*Task brief*:
The whole listing, please: repeat it exactly, with the pictures left out.

*Available data*:
++++

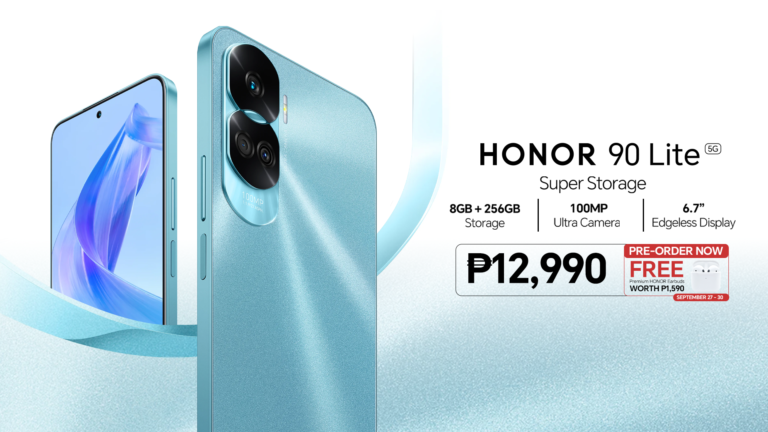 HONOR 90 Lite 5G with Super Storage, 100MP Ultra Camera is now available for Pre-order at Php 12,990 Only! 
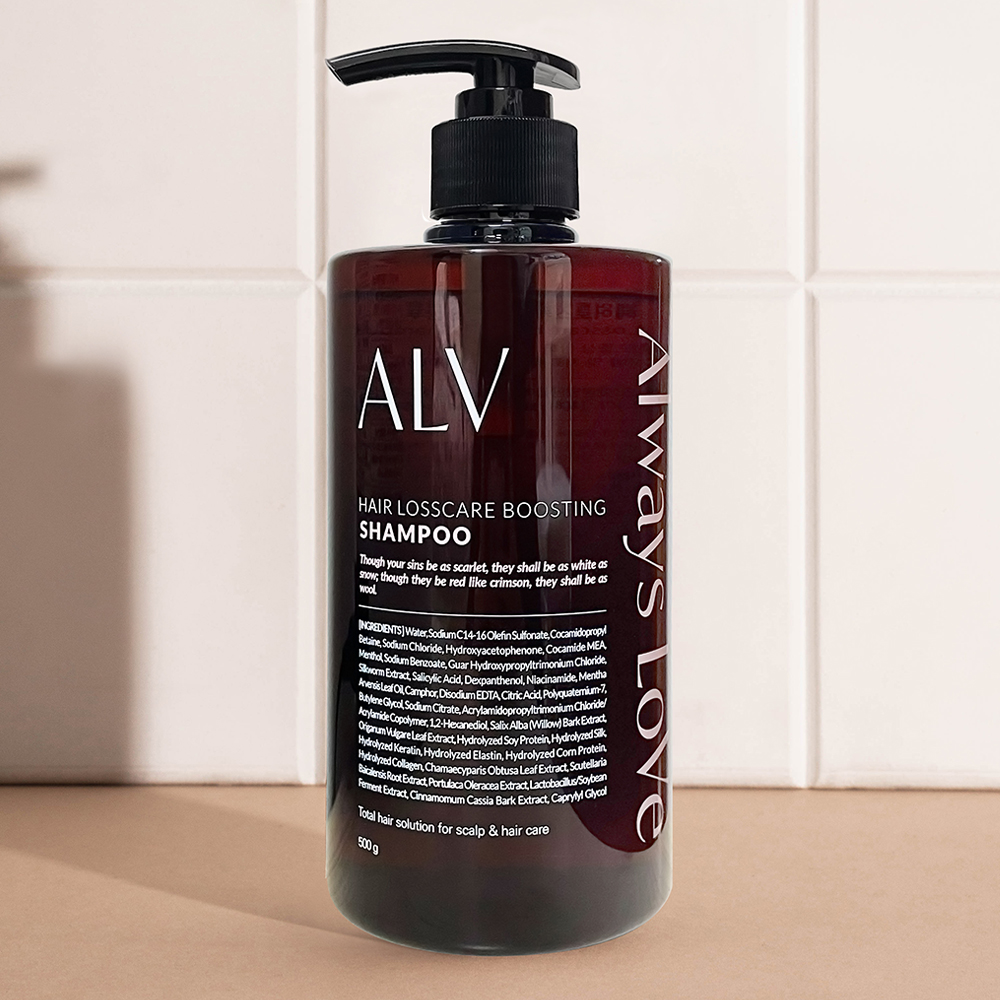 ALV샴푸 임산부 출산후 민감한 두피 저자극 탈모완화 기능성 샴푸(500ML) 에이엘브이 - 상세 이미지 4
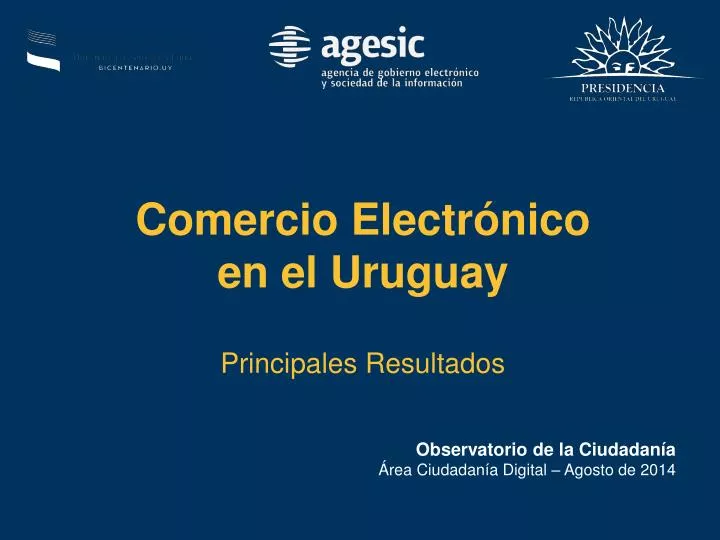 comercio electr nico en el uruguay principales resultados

++++

*Solution to this problem*:
 HONOR 90 Lite 5G with Super Storage, 100MP Ultra Camera is now available for Pre-order at Php 12,990 Only! 
 ALV샴푸 임산부 출산후 민감한 두피 저자극 탈모완화 기능성 샴푸(500ML) 에이엘브이 - 상세 이미지 4
 comercio electr nico en el uruguay principales resultados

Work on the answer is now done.